The venue was packed to its edges for the April 20 event, which saw vegan friendly food, arts, crafts and plants on sale.

The event was opened in style by the Chard’s crier, Stuart Cumming, who himself has been a vegan for 23 years.

He said: “This is a vegantastic event, one of the largest indoor markets we have seen for years inside the Guildhall.

“It is a very positive event for our town.”

Visitors came to from as far as Plymouth, and holiday makers from as far afield as Wales and Scotland also took a look around.

The organiser of the event was Helen Roberts, of the Flour Pot Vegan Bakery, who is also a trustee for reforestation charity The Word Forest Organisation.

The fair was a fundraiser for the charity and brought in more than £1,200, which will enable them to plant more than 500 trees and buy building materials for a new classroom too.

Helen said: “Taking care of our planet has never been more prevalent in the news.

“David Attenborough and Greta Thunberg have explained that planting trees is one of the easiest ways we can do it.

“Well done Chard for getting 500 new trees in the ground and cleaning the air we breathe all over the world.”

The core team at Word Forest are passionate environmentalists and comprise of vegans and vegetarians.

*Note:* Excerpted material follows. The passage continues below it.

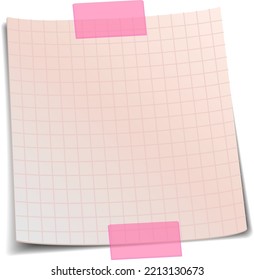 Checkered square sheet with sticky tape. Blank mockup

The charity frequently has fundraising stalls at events like this in the South West.

Tracey West is The Word Forest Organisation’s chief executive.

She added: “If you want to leave a lighter footprint on the planet, one of the best ways to do it, is by embracing a plant-based lifestyle.

“Once you lift the lid on the subject and find out that there are animal products in so many things, including sweets, wine and spirits, even orange juice, people often find themselves on a bit of a mission to understanding why and seek alternatives.”

Chair of trustees, Simon West, said: “Trees planted in the world’s tropical zones near the equator, like ours in Boré, Kenya, grow incredibly quickly, faster than anywhere else on the planet.

“Not only do they do a great job of reducing CO2 and other pollutants from the atmosphere, but the commodities from the forest help relieve poverty and hunger too.”